# In Search Of......Almond ungrounded outlets



## Mrmanly (May 23, 2010)

Hi,

I was wondering if anyone would know where I can get my hands on a few dozen of ungrounded 15 amp duplex outlets almond or light almond.

Do they even make such a beast? I have checked at several wholesale houses and no luck. They can't even order them.

Customer has their heart set on almond.


Thanks in advance for any thoughts!


----------



## user4818 (Jan 15, 2009)

Looks like you're gonna have to go the GFCI route or use 3 prong receptacles protected by a GFCI.


----------



## Cletis (Aug 20, 2010)

*here*

http://www.acehardwareoutlet.com/ProductDetails.aspx?SKU=3201571


----------



## erics37 (May 7, 2009)

I'll never understand people that absolutely insist on some certain color device.... when their electrical system is so old there's not even an EGC in it. Talk about turd polishing.
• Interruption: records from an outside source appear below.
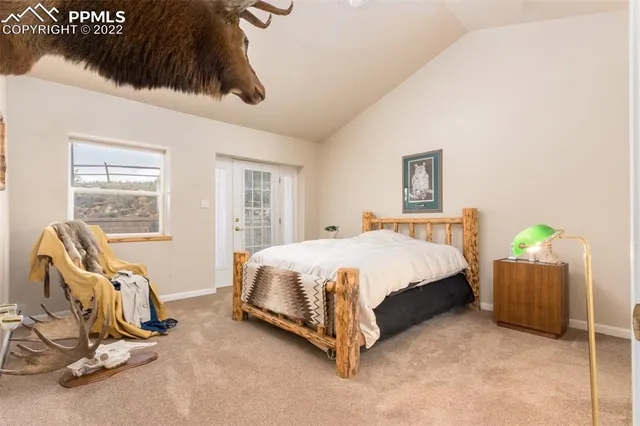 a spacious bedroom with a bed a couch and large window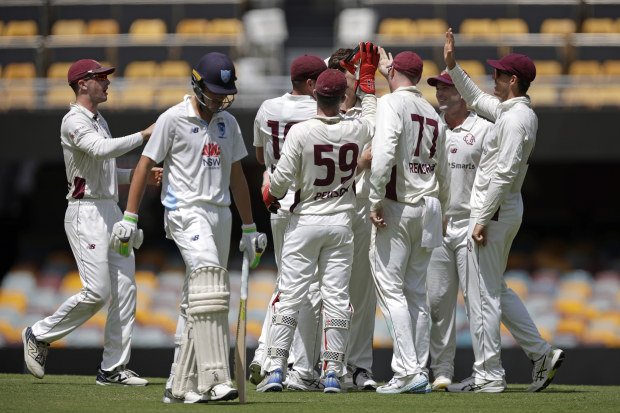 A dejected Sam Konstas of New South Wales leaves the field as Queensland celebrate his wicket.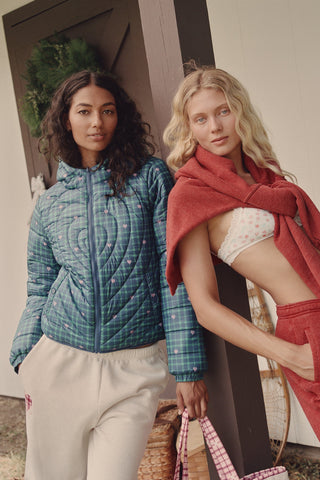 A woman wearing a SOPHISTICA Plaid Hearts Reversible Puffer Jacket, a hooded, zip-front nylon puffer in an emerald green and blue plaid pattern accented by small pink hearts.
I think Peter D is right, get an almond GFCI and throw regular grounding-type almond receptacles in all the downstream outlets.



Cletis said:


> http://www.acehardwareoutlet.com/ProductDetails.aspx?SKU=3201571


That's ivory.


----------



## MDShunk (Jan 7, 2007)

Now that most of the small brands that used to make 2-prong duplex receptacles have been bought up and squashed, it really looks like Leviton is the only game in town for NEMA 1-15 duplex receptacles. They only offer Brown, Ivory, and White. Looks like you're out of luck, and you'll have to take PeterD's suggestion.


----------



## HARRY304E (Sep 15, 2010)

Mrmanly said:


> Hi,
> 
> I was wondering if anyone would know where I can get my hands on a few dozen of ungrounded 15 amp duplex outlets almond or light almond.
> 
> ...





*Article 406.4(D)
(D) Replacements.​*​​​​Replacement of receptacles shall comply
with 406.4(D)(1) through (D)(6), as applicable.​
*(1) Grounding-Type Receptacles.​*​​​​Where a grounding
means exists in the receptacle enclosure or an equipment
grounding conductor is installed in accordance with
250.130(C), grounding-type receptacles shall be used
and shall be connected to the equipment grounding conductor
in accordance with 406.4(C) or 250.130(C).​
*(2) Non–Grounding-Type Receptacles.​*​​​​Where attachment
to an equipment grounding conductor does not exist in the
receptacle enclosure, the installation shall comply with
(D)(2)(a), (D)(2)(b), or (D)(2)(c).
(a) A non–grounding-type receptacle(s) shall be permitted
to be replaced with another non–grounding-type receptacle(
s).
(b) A non–grounding-type receptacle(s) shall be permitted
to be replaced with a ground-fault circuit interruptertype
of receptacle(s). These receptacles shall be marked
“No Equipment Ground.” An equipment grounding conductor
shall not be connected from the ground-fault circuitinterrupter-
type receptacle to any outlet supplied from the
ground-fault circuit-interrupter receptacle.
(c) A non–grounding-type receptacle(s) shall be permitted
to be replaced with a grounding-type receptacle(s)
where supplied through a ground-fault circuit interrupter.
Grounding-type receptacles supplied through the groundfault
circuit interrupter shall be marked “GFCI Protected”
and “No Equipment Ground.” An equipment grounding
conductor shall not be connected between the groundingtype
receptacles.​
*(3) Ground-Fault Circuit-Interrupters.​*​​​​Ground-fault
circuit-interrupter protected receptacles shall be provided
where replacements are made at receptacle outlets that are​
required to be so protected elsewhere in this _Code_.


----------



## McClary’s Electrical (Feb 21, 2009)

Mrmanly said:


> Hi,
> 
> I was wondering if anyone would know where I can get my hands on a few dozen of ungrounded 15 amp duplex outlets almond or light almond.
> 
> ...


 

Do yourself a favor and avoid customers like this. They want to save money by not replacing the receptacles and wiring. How much time have you wasted trying to find these? and for what?


----------



## HARRY304E (Sep 15, 2010)

mcclary's electrical said:


> Do yourself a favor and avoid customers like this. They want to save money by not replacing the receptacles and wiring. How much time have you wasted trying to find these? and for what?


 Well said mcclary.

Just a big waste of time..


----------



## jwjrw (Jan 14, 2010)

MDShunk said:


> Now that most of the small brands that used to make 2-prong duplex receptacles have been bought up and squashed, it really looks like Leviton is the only game in town for NEMA 1-15 duplex receptacles. They only offer Brown, Ivory, and White. Looks like you're out of luck, and you'll have to take PeterD's suggestion.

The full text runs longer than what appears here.